I found the following code somewhere over stackoverflow.com:
for url in [“http://url1”, “http://url2”, ]:
connection = urllib2.urlopen(url)
except urllib2.HTTPError, e:
This simple code checks the URLS included in it, for their header response and print that on screen. This is nice, but a bit too simple for our purposes.
I had the domain list in an external file, the list was very big, it also contained some broken URLS. The code that you see here can handle only specific type of exceptions (errors in execution). But URLs retrieval can fail for many reasons.

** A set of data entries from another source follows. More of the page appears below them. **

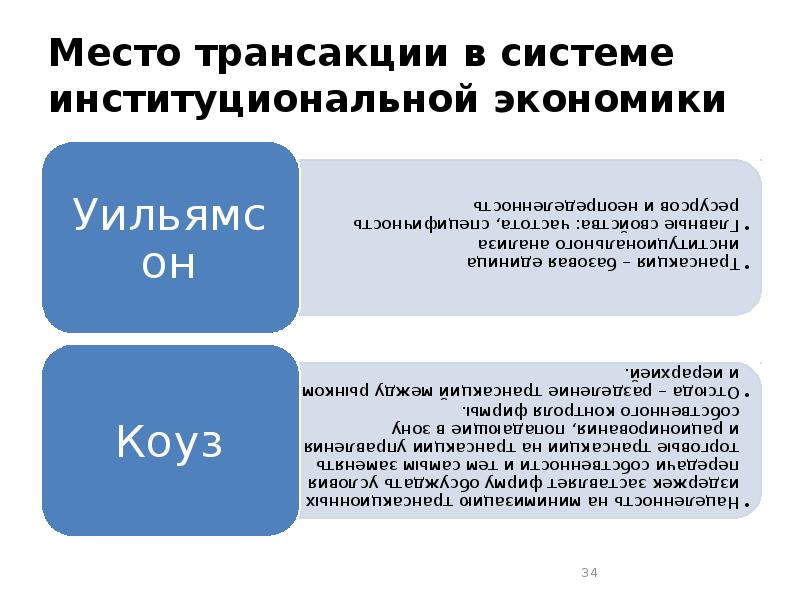 Трансакция это в институциональной экономике. Основные свойства транзакций. Трансакция это в экономике. Характеристика трансакций.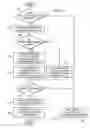 Fig. 06 - Mechanism to restrict parallelization of loops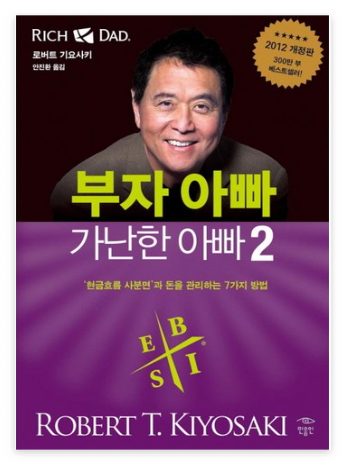 '부자 아빠 가난한 아빠' 줄거리
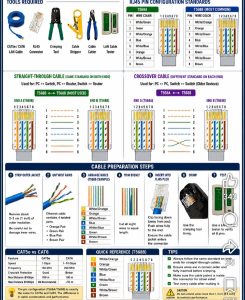 RJ45 Pin Konfigürasyonu, Kablo Standartları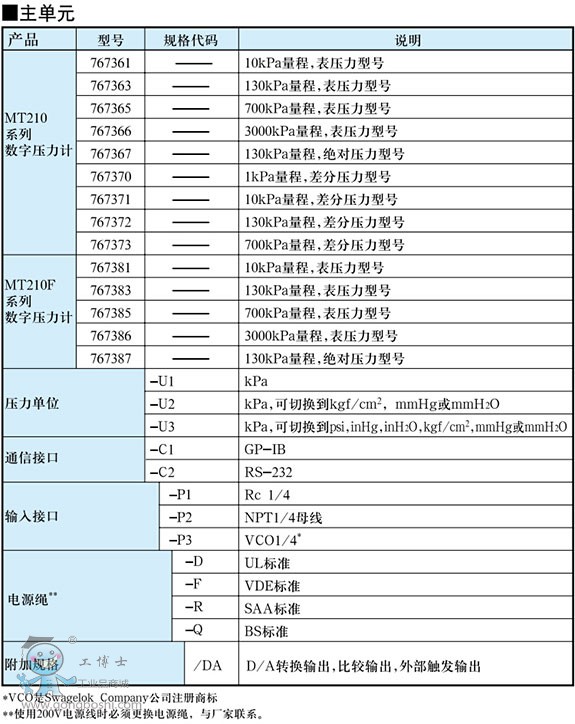abb6897a2364efbd11026e93236916b9_thumb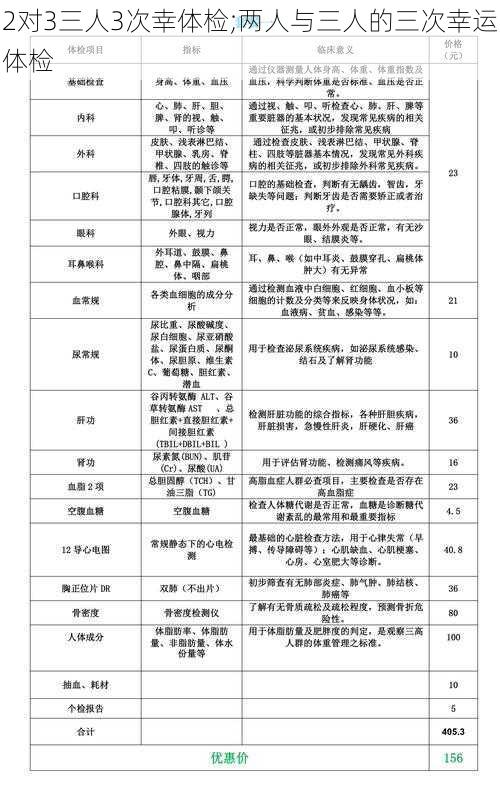 2对3三人3次幸体检;两人与三人的三次幸运体检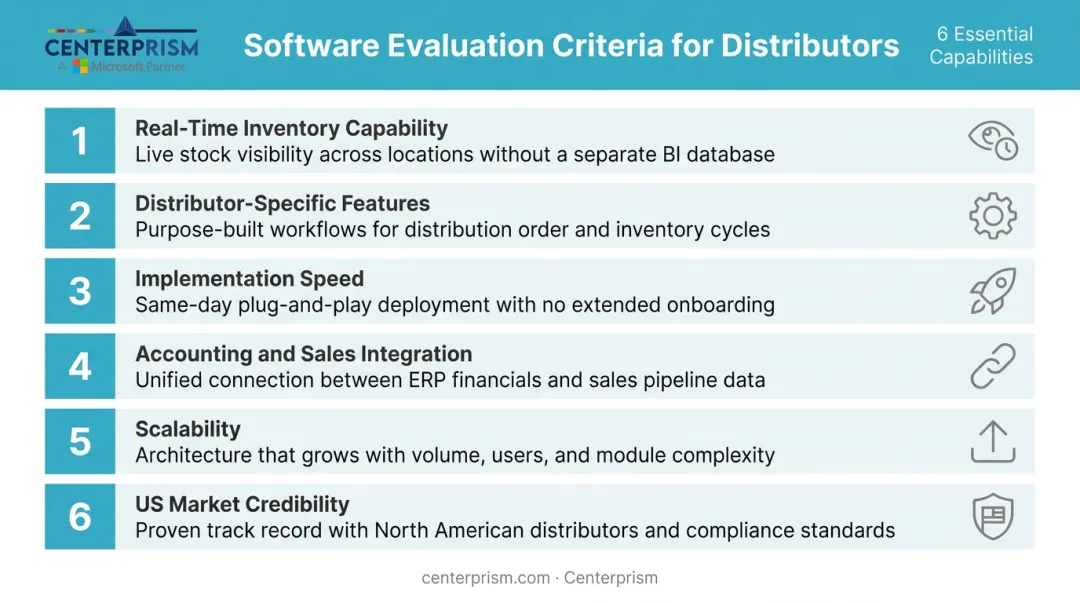 Six-factor distributor inventory software evaluation criteria checklist infographic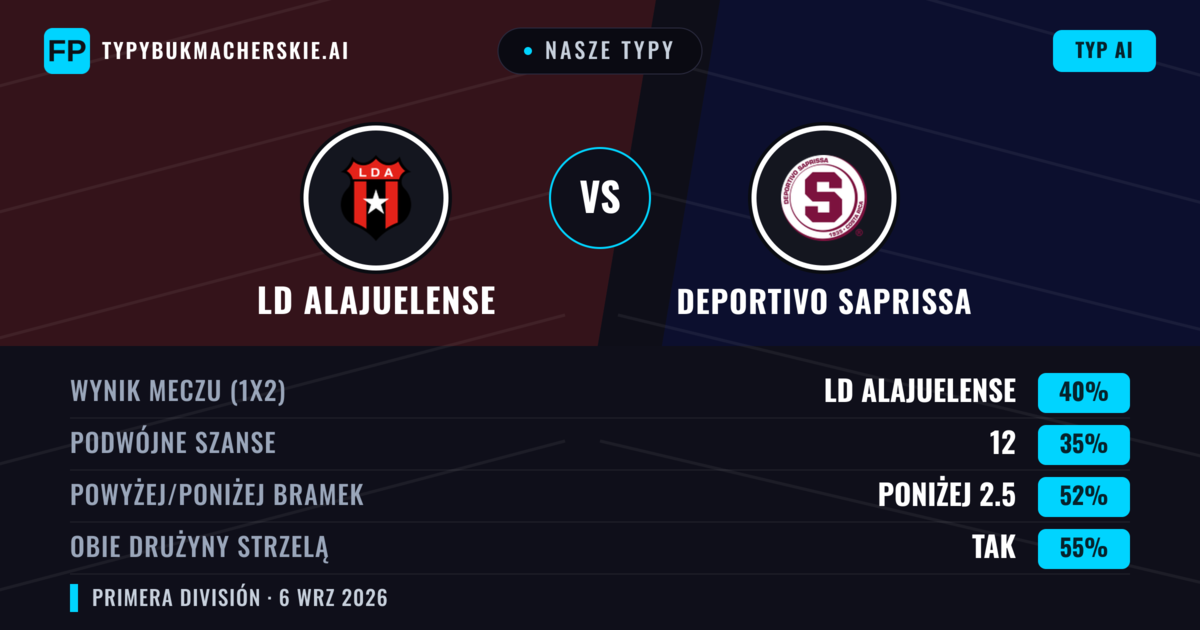 Nasze typy: LD Alajuelense vs Deportivo Saprissa — LD Alajuelense — Wygrana (40%); Poniżej 2.5; Obie drużyny strzelą: Tak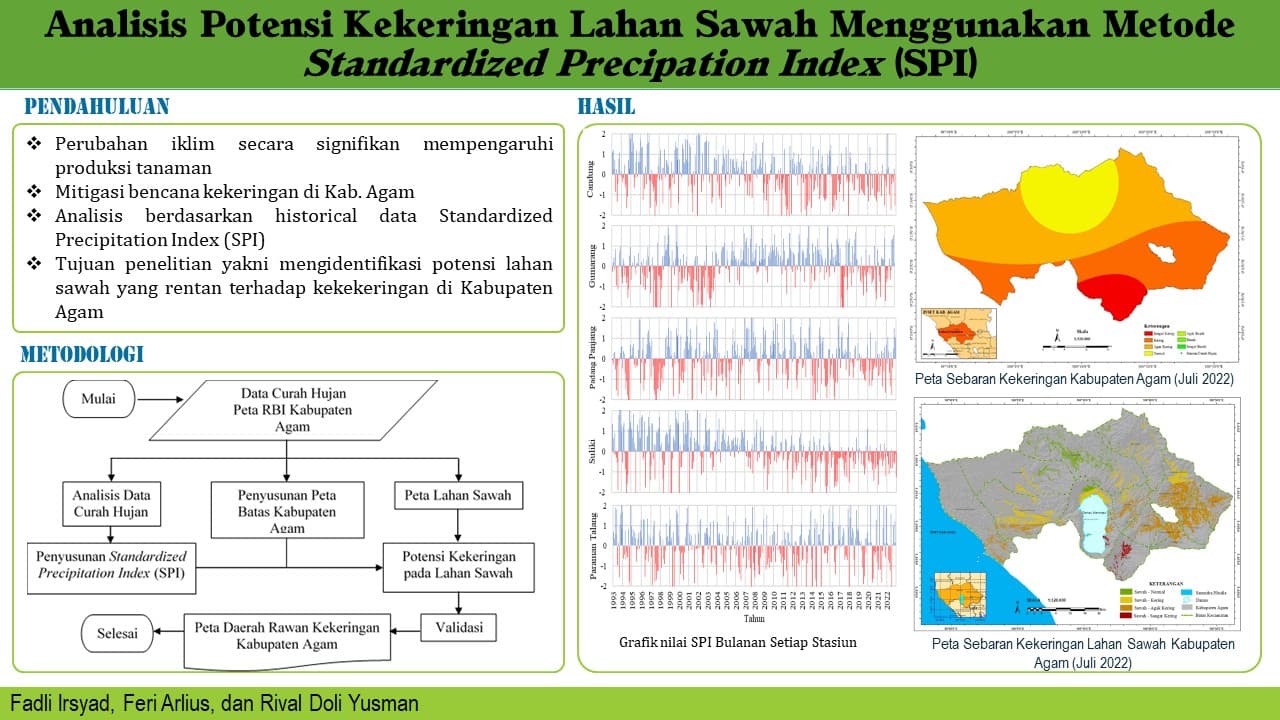 Analisis Potensi Kekeringan Lahan Sawah Menggunakan Metode Standardized Precipation Index (SPI)]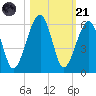 Chester tide chart for Tuesday, October 21, 2025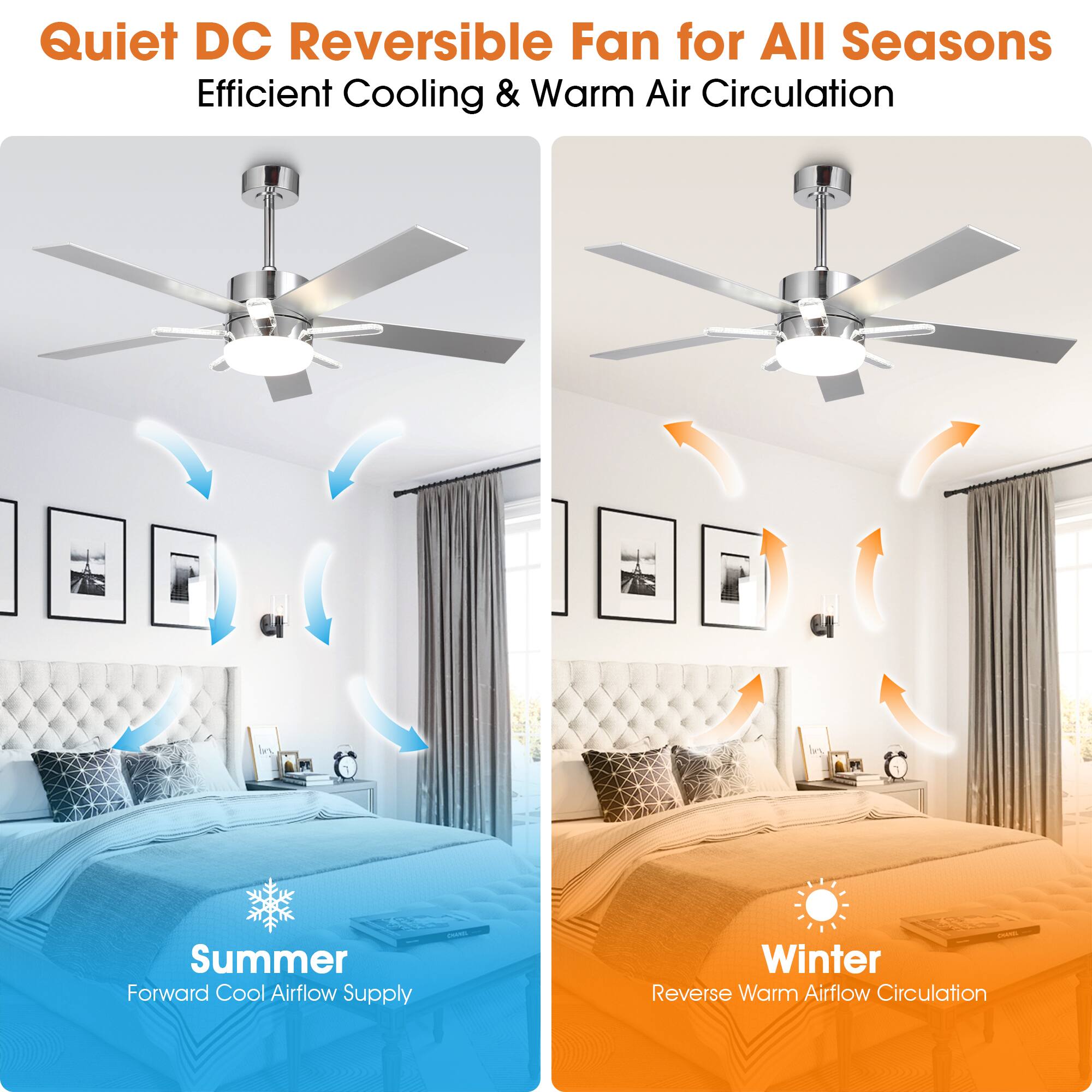 Quiet DC Reversible Fan for All Seasons  
Efficient Cooling & Warm Air Circulation  

Summer  
Forward Cool Airflow Supply  

Winter  
Reverse Warm Airflow Circulation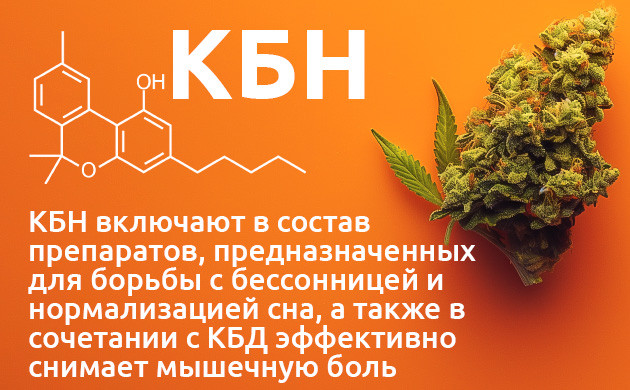КБН и КБД: снятие мышечной боли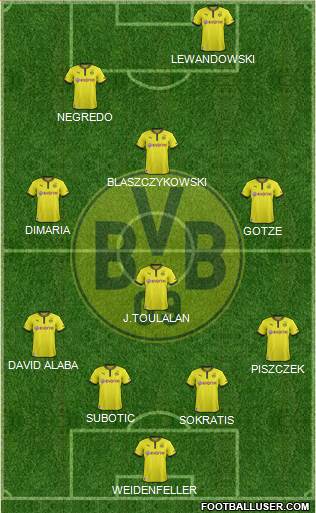 Borussia Dortmund Formation 2014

Also, printing the results inside a command line window isn’t practical either.
In the end, with the help of a programmer friend, we’ve modified the code to do the following:
- Check all the URLs in a file called source.csv
- Write all the successful responses to a text file called output.txt
- Ignore all exceptions – we don’t really care why a URL can’t be retrieve in this use-case
The resulting code is attached, together with an example source CSV:
The end result?
I’ve created a huge list of companies that uses a particular marketing software – all of them are potential leads for my client.
The list cost nothing to create and is based on a publicly available information that was harvest by someone else 🙂
There are, however, paid service that will do the scanning and technology identification for you, they are not cheap, but well worth the time if you build your potential lead lists based on technologies that companies uses – a known and recommended one is Built-with.